- TASK DETAILS: In the entries below, identify every line with the string "white" and copy it.

- Entries taken from a collection:

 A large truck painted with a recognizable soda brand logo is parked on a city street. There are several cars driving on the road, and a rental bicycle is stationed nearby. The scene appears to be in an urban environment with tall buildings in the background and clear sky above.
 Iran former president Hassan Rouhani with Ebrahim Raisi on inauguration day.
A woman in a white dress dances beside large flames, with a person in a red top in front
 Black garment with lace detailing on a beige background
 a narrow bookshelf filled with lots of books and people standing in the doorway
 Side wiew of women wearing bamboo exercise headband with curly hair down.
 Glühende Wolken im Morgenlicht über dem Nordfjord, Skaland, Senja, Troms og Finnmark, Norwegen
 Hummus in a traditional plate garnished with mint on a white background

- SOLUTION FOR THIS EXERCISE:
A woman in a white dress dances beside large flames, with a person in a red top in front
 Hummus in a traditional plate garnished with mint on a white background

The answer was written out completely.